Dedication of individual strengths is attained by focusing on the unique skills, knowledge, experience, perspectives, networks and resources that different individuals bring to the team. The emphasis should be on individuals who dedicate their strengths. There is a huge difference between simply contributing skills and knowledge to the complete dedication of an individual's strengths to a team.We often neglect the importance of individual skill and its contribution to the overall competence of the team. Proper world class skills at an individual level play a significant role in improving the result and the overall success rate of the team.

There must also be an opportunity to assess the 'internal enemies' that hinder the effectiveness of the team. Examples of internal enemies are:

  • Politics:
  • Sub groupings; and
  • Culture.

So many wonderful initiatives or good intentions go astray because of such internal enemies.

Rituals strengthen the pack in any team. There must be a range of deliberate, planned and well managed rituals that have the potential to strengthen the pack:
  • Conflict rituals have the potential to bond and strengthen a team. If conflict is externally focused it has the capacity to restore and intensify team spirit. Conflict that has to do with the 'survival of the team' is a strong bonding ritual that enhances team learning, focuses energy and elevates team spirit. If managed incorrectly, it has the potential to weaken the team dramatically.
  • Bonding rituals are those deliberate efforts to create a united front against common enemies. It might be to tackle a daunting task. a project or obligation. It is at such rituals where 'mutual grooming' provides an opportunity for team members to get to know one another: and
  • Communication rituals have the potential to strengthen the pack. Efforts to inform one another as well as the time spent together create valuable opportunities for team members to share thoughts and become acquainted.

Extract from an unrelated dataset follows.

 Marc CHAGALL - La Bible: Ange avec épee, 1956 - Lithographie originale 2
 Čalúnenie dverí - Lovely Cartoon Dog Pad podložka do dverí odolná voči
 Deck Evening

Trusting relationships Start at the individual's own level of trustworthiness. The political landscape in S.A. did not contribute to stable trust relationships in business teams.

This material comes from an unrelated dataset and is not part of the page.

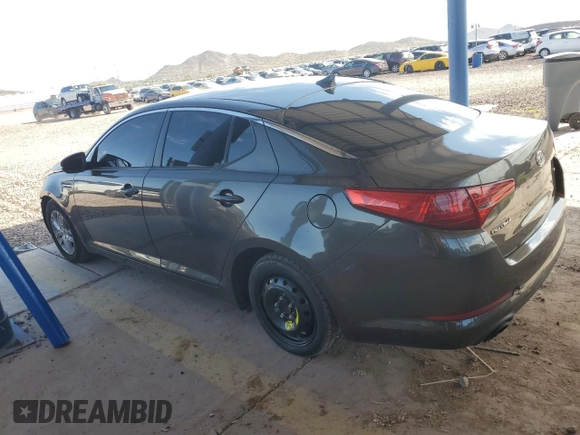 2011 Kia Optima LX z VIN KNAGM4A74B5131876, wystawiony jako Copart lot #69256644 z przebiegiem 117 718 mil mil oraz Szkoda całkowita • Salvage title. Historia ofert i sprzedaży dostępna na DreamBid. Obrazek 2.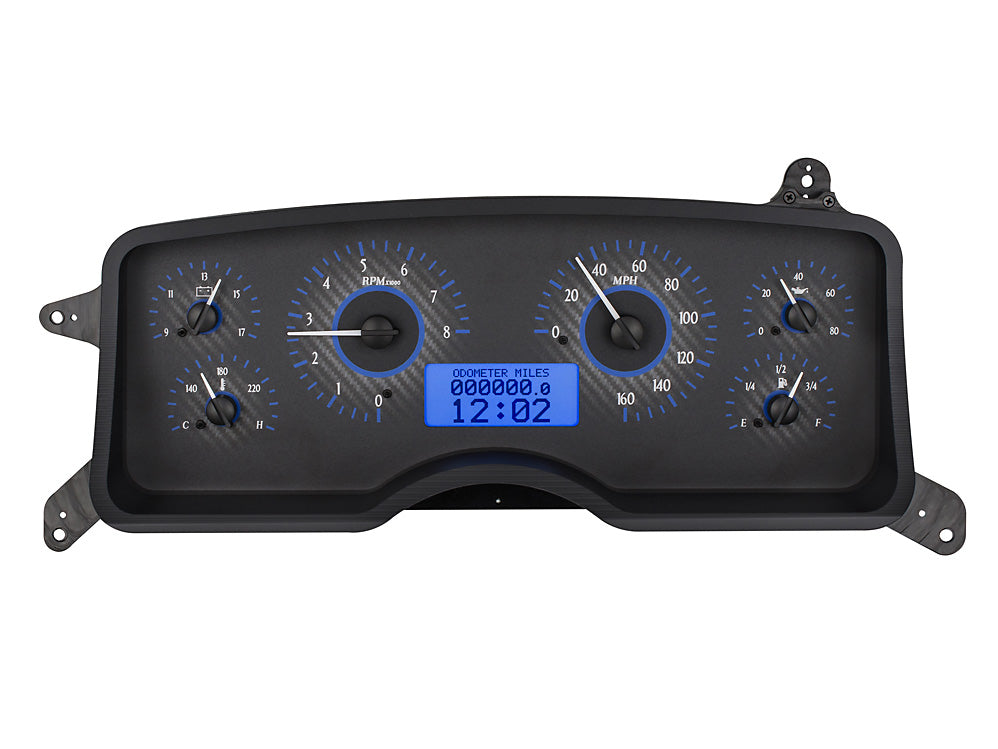 1987-1989 Ford Mustang VHX Instruments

Sense of purpose comes from spending time on strategic issues.

Mission defines a fundamental and unique purpose. It is a statement that specifies the fundamental reason why we exist and what sets this team apart from others.

Mission components should include:

  • The target customer and market;
  • Identified products and services:
  • Specified geographic domain (territory):
  • Expressed commitment to survival and growth; and
  • The team's desired image.

The above provides a foundation and framework for priorities, strategies and plans.

Vision is a memory of the future that is stronger than the past. Teams need to answer the following questions:

  • Do we dream big enough?
  • Do we believe we can do this?
  • Do we unconditionally want this vision to be realised?
  • Does it get us excited?
  • How can we make it practical?

Team maintenance arises from the deliberate efforts of teams to invest time in assessing their effectiveness and then equipping themselves with what is needed to achieve the team vision.

Teams can achieve this by focusing on:

  • Work priorities. Are we doing the right things? By using an assessment grid the team can assess impact and competence of each task or project to determine what tasks or projects should be continued and what tasks or projects should be stopped.
  • Reform work. What processes does the team need to improve? What can the team do smarter, faster, cheaper, better (quality) and what development is necessary? and
  • Structure around the strategy. A common mistake that is made is that structure is formed around people and their competence or lack thereof instead of what is necessary to support the strategy to achieve the vision.

These six principles should point the way for teams in their endeavours to be more cohesive, mutually supportive and achieving synergy in task accomplishment.

Such an approach could also help executives avoid wasting precious resources on team building programmes that are unlikely to provide a return on investment. Perhaps even more importantly, it could enable them to understand better where the true synergy opportunities lie in their organisations.